Activity:
Reproduce word for word the line holding "Regarding the memory" and all lines after it in the data, through the end, leaving out pictures.

[Stored items]

::::

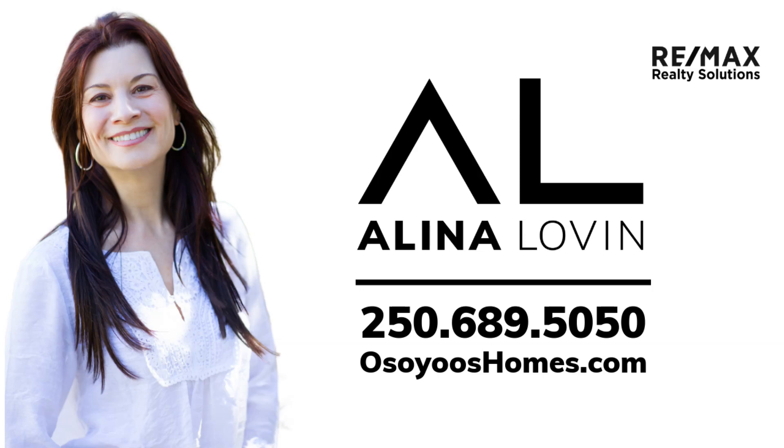Video highlights of tonight's game, brought to you by Alina Levin, REMAX Real Estate Agent.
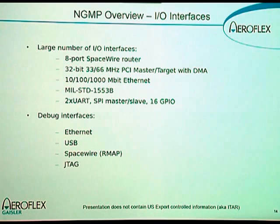Regarding the memory interfaces for this device: we have an eight-port SpaceWire router, a PCI interface, dual gigabit Ethernet interfaces, MIL-STD-1553, UARTs, SPI master and slave, and general-purpose IO pins. In this design, we have added more debug links than we typically have in a Leon system — you can debug the system through Ethernet, USB, SpaceWire, and JTAG.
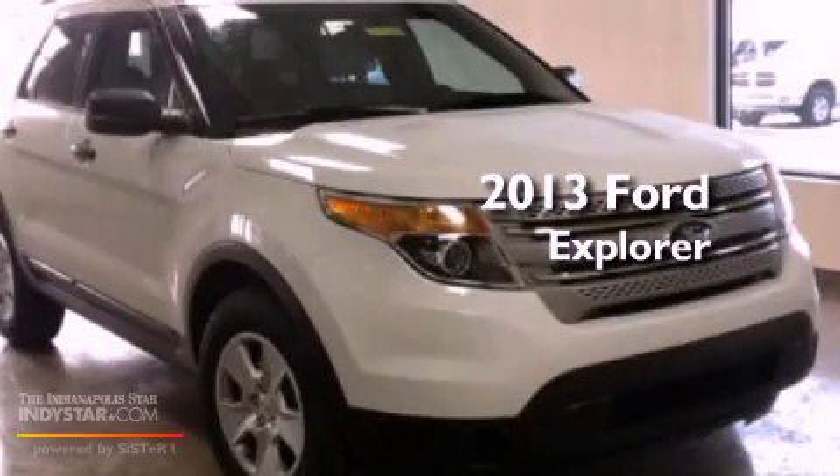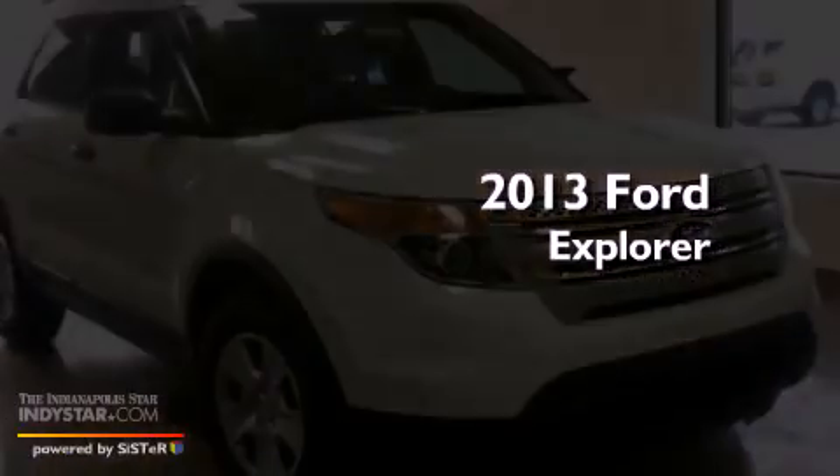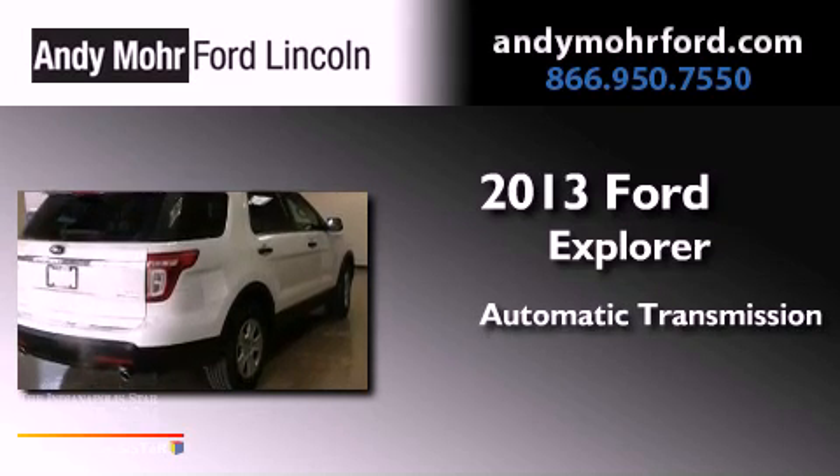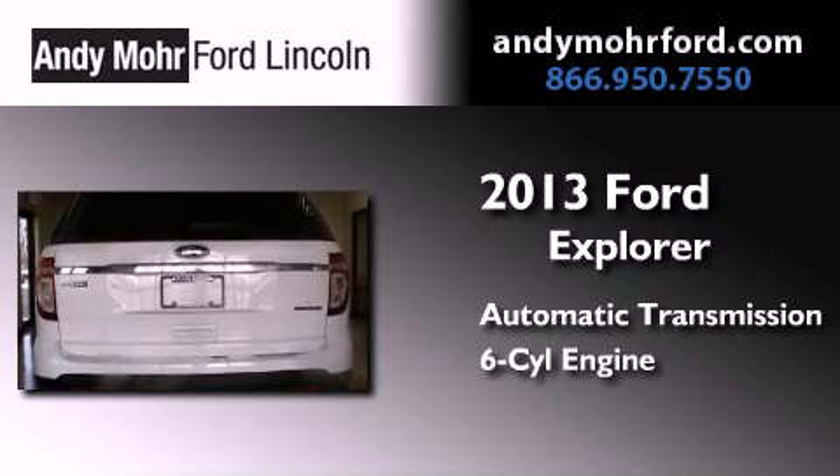This is a brand-new 2013 Ford Explorer. This SUV has an automatic transmission and a 3.5-liter V6.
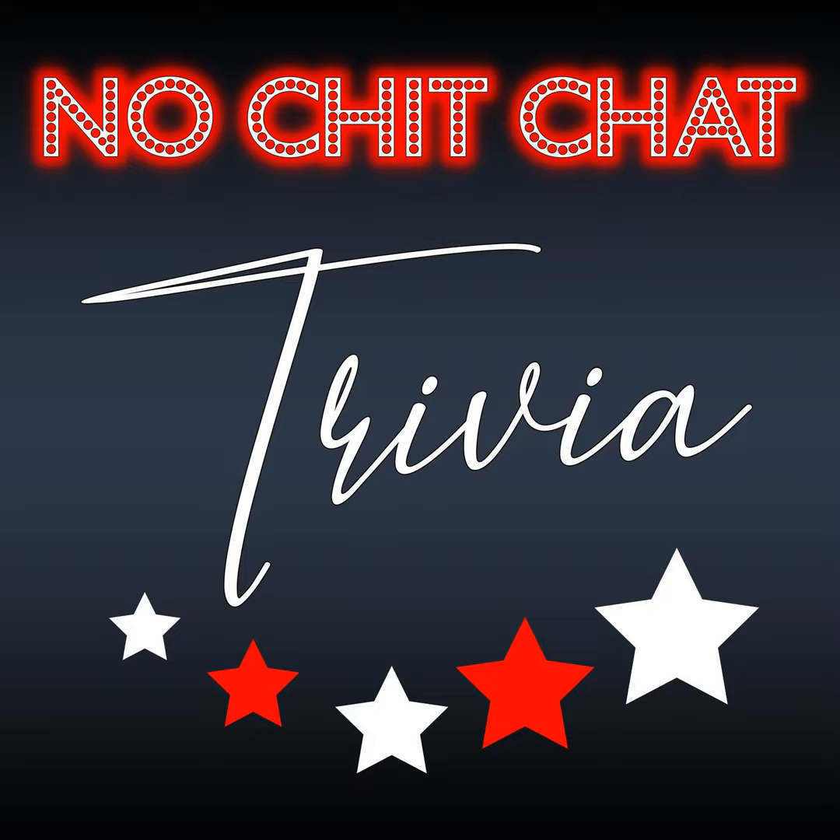Take me out to the ball game with 10 trivia questions on Major League Baseball ballparks. Hello, and welcome to another episode of No Chit Chat Trivia, the trivia podcast with less talk and more trivia. The MLB season kicked off yesterday with opening day festivities taking place all across the country, so I thought it'd be fun to do 10 questions on MLB ballparks. Let's jump right into it.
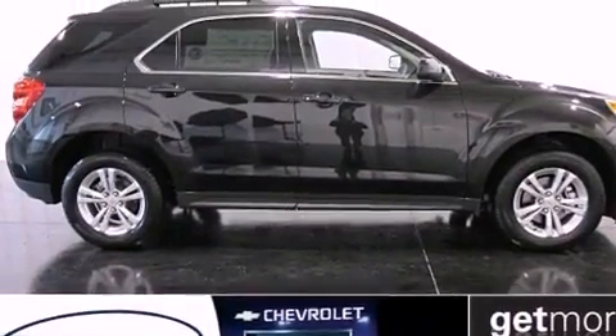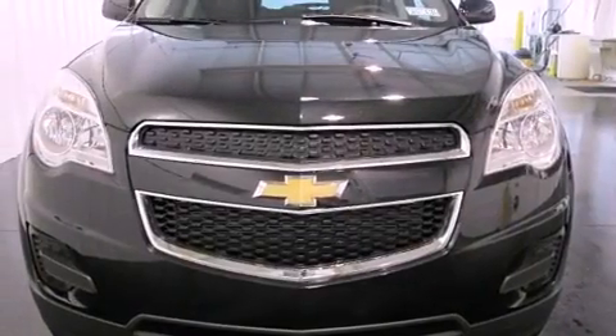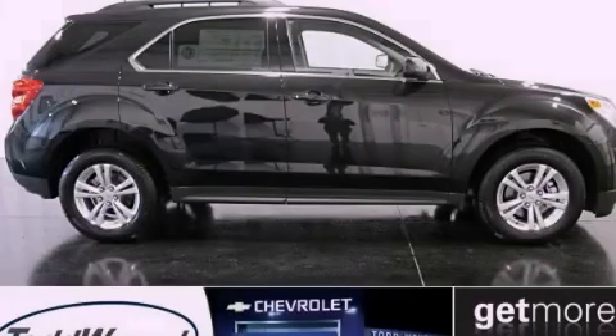With an EPA estimated rating of 29 miles per gallon on the highway, fuel efficiency does not take a back seat. Stop by today and test drive this automobile for yourself.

::::

Solution to this problem:
Regarding the memory interfaces for this device: we have an eight-port SpaceWire router, a PCI interface, dual gigabit Ethernet interfaces, MIL-STD-1553, UARTs, SPI master and slave, and general-purpose IO pins. In this design, we have added more debug links than we typically have in a Leon system — you can debug the system through Ethernet, USB, SpaceWire, and JTAG.
This is a brand-new 2013 Ford Explorer. This SUV has an automatic transmission and a 3.5-liter V6.
Take me out to the ball game with 10 trivia questions on Major League Baseball ballparks. Hello, and welcome to another episode of No Chit Chat Trivia, the trivia podcast with less talk and more trivia. The MLB season kicked off yesterday with opening day festivities taking place all across the country, so I thought it'd be fun to do 10 questions on MLB ballparks. Let's jump right into it.
With an EPA estimated rating of 29 miles per gallon on the highway, fuel efficiency does not take a back seat. Stop by today and test drive this automobile for yourself.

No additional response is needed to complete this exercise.